Partition based: For partitioned containers, when executing a stored procedure, a partition key value must be provided in the request options. Stored procedures are always scoped to a partition key. Items that have a different partition key value aren't visible to the stored procedure. This also applies to triggers. Way to overcome this, use change feed or run 2 diff procedures.

Server-side JavaScript features, including stored procedures, triggers, and UDFs, don't support importing modules.

Logging: console.log(responseHeaders[Constants.HttpHeaders.ScriptLogResults]);

Vector

Vector Policy

Once the Vector Search feature is enabled on your Azure Cosmos DB for NoSQL account, you must define a vector embedding policy for the containers where you want to store vectors. This policy informs the Azure Cosmos DB query engine how to handle vector properties in the VectorDistance system function. The following information is included in the container vector policy:

path: The path of the property containing the vector embeddings. datatype: The type of the elements in the vector. The default is Float32. dimensions: This property is the number of dimensions in or length of each vector and will be driven by the model used to create embeddings. distanceFunction: The technique used to compute distance or similarity between vectors. The available options are Euclidean (default), cosine, and dot product.

"vectorEmbeddingPolicy": {
    "vectorEmbeddings": [
        {
            "path": "/vectorField",
            "dataType": "float32",
            "distanceFunction": "cosine",
            "dimensions": 1536
        }
    ]
}

Vector indexing

Not compulsory but best created.

Type Description Max dimensions
flat Stores vectors on the same index as other indexed properties. 505
quantizedFlat Quantizes (compresses) vectors before storing on the index. This policy can improve latency and throughput at the cost of a small amount of accuracy. 4096
diskANN Creates an index based on DiskANN for fast and efficient approximate search. 4096
Feature Flat QuantizedFlat DiskANN
Search Type Exact (Brute-force) Exact (on compressed data) Approximate (Graph-based)
Accuracy (Recall) 100% (Perfect) ~99% (High) ~95% - 99% (Tunable)
Speed Slow (Linear) Fast Fastest (Logarithmic)
RAM Usage Very High Low Lowest (Offloads to SSD)
Best For... < 10k vectors 10k – 50k vectors 50k – Billions of vectors
"indexingPolicy": {
    "vectorIndexes": [
        {
            "path": "/vectorField",
            "type": "diskANN"
        }
    ]
}

Perform vector search using the VectorDistance function

Azure Cosmos DB for NoSQL supports the creation of vector search indexes on top of stored embeddings.

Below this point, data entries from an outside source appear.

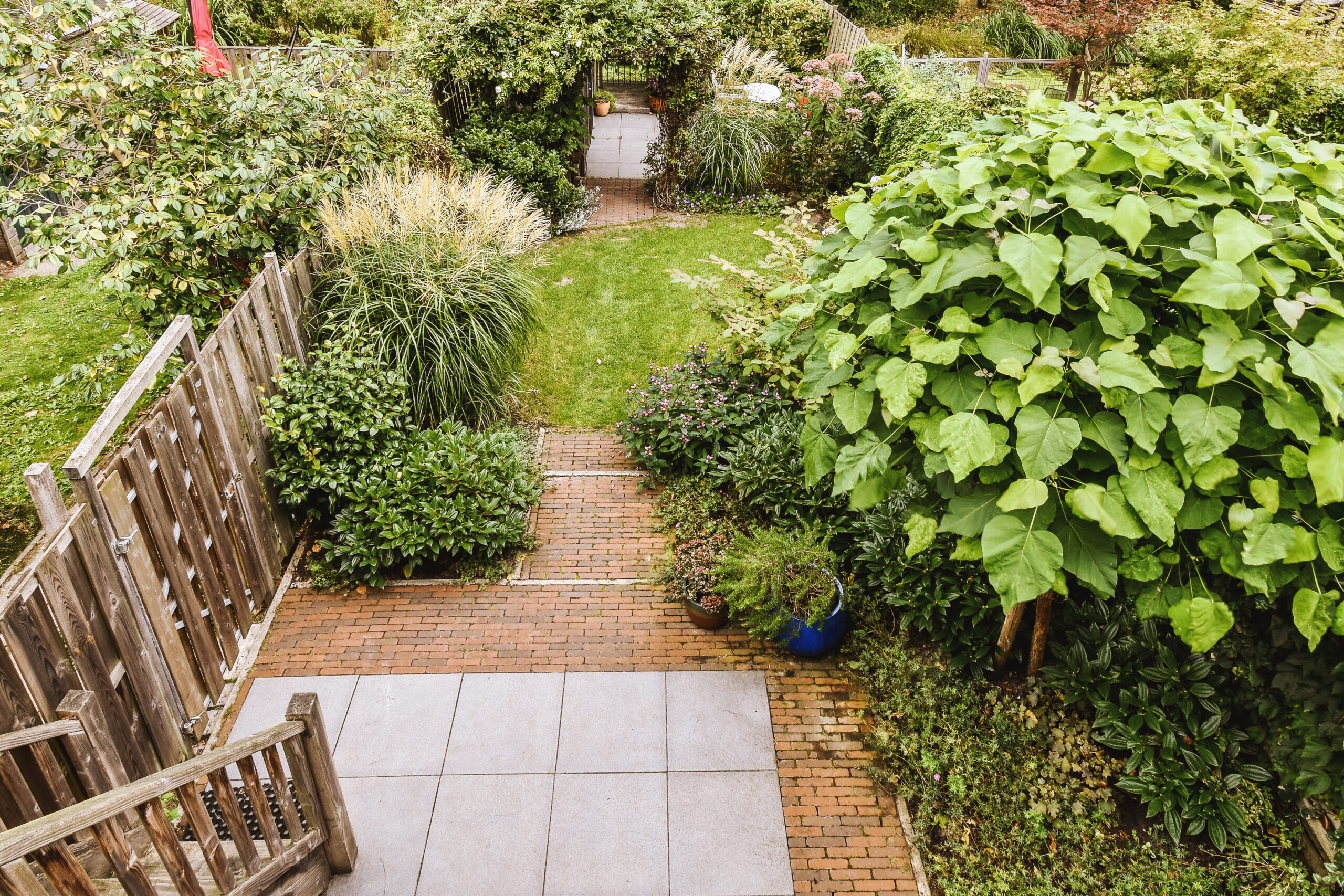 Neat patio with sitting area
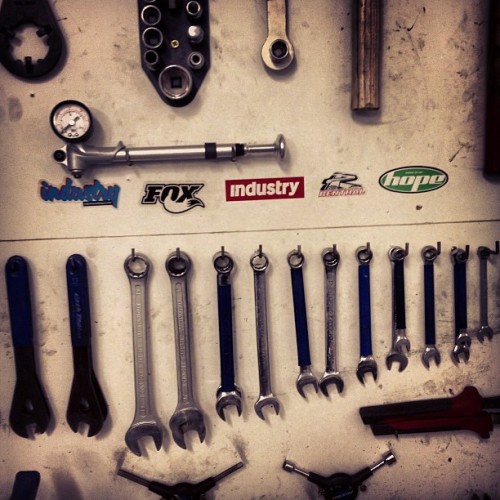 industryclothingco:  Fixing a few whips today. #mtb #afan #skyline #skylinecycles #mountainbike #sna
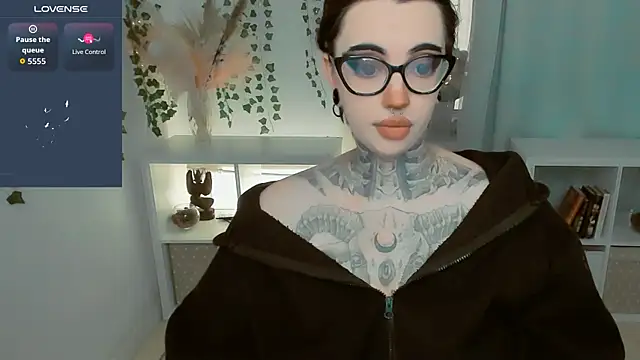 Snapshot of Dixi_Pixi_ chatting on 07-19-26, 05:33 Dixi Pixi online show from 07-19-26, 05:33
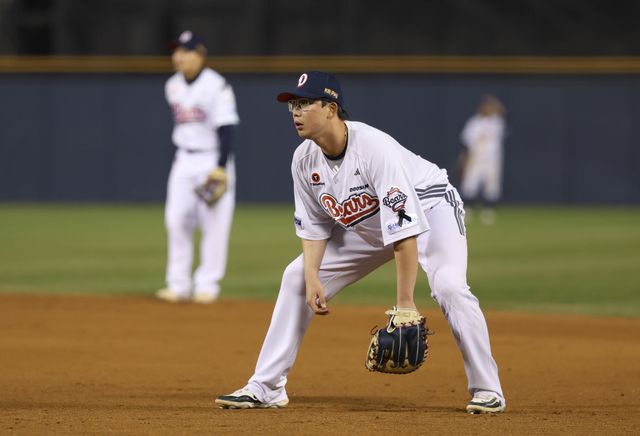 두산 베어스 김민혁이 올해 정규시즌 경기에 출전해 수비하고 있다. 김민혁은 7일 1군에서 말소됐다. 두산 베어스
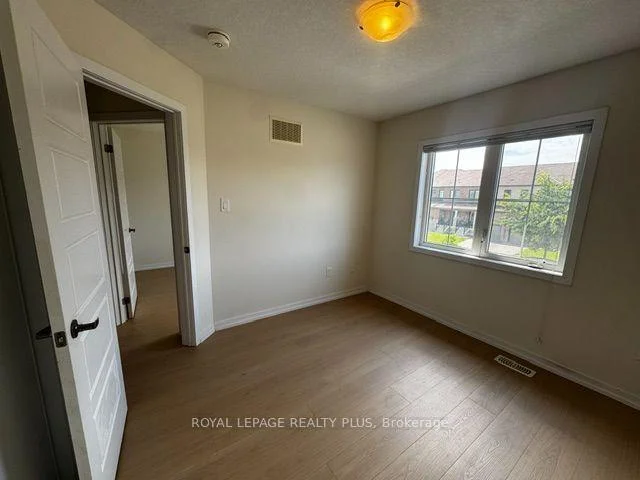 Photo 51 of 4 Prestwick Street, Hamilton, Stoney Creek Mountain — HOMEH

The VectorDistance function in Azure Cosmos DB for NoSQL measures the similarity between two vectors by calculating their distance using metrics like cosine similarity, dot product, or Euclidean distance. This function is vital for applications that require quick and accurate similarity searches, such as those involving natural language processing or recommendation systems. By utilizing VectorDistance, you can efficiently handle high-dimensional vector queries, significantly improving the relevance and performance of your AI-driven applications.

Notes

  1. MUST always create new container after feature is enabled.
  2. The vector search feature is currently not supported on the existing containers, so you need to create a new container and specify the container-level vector embedding policy and the vector indexing policy at the time of container creation.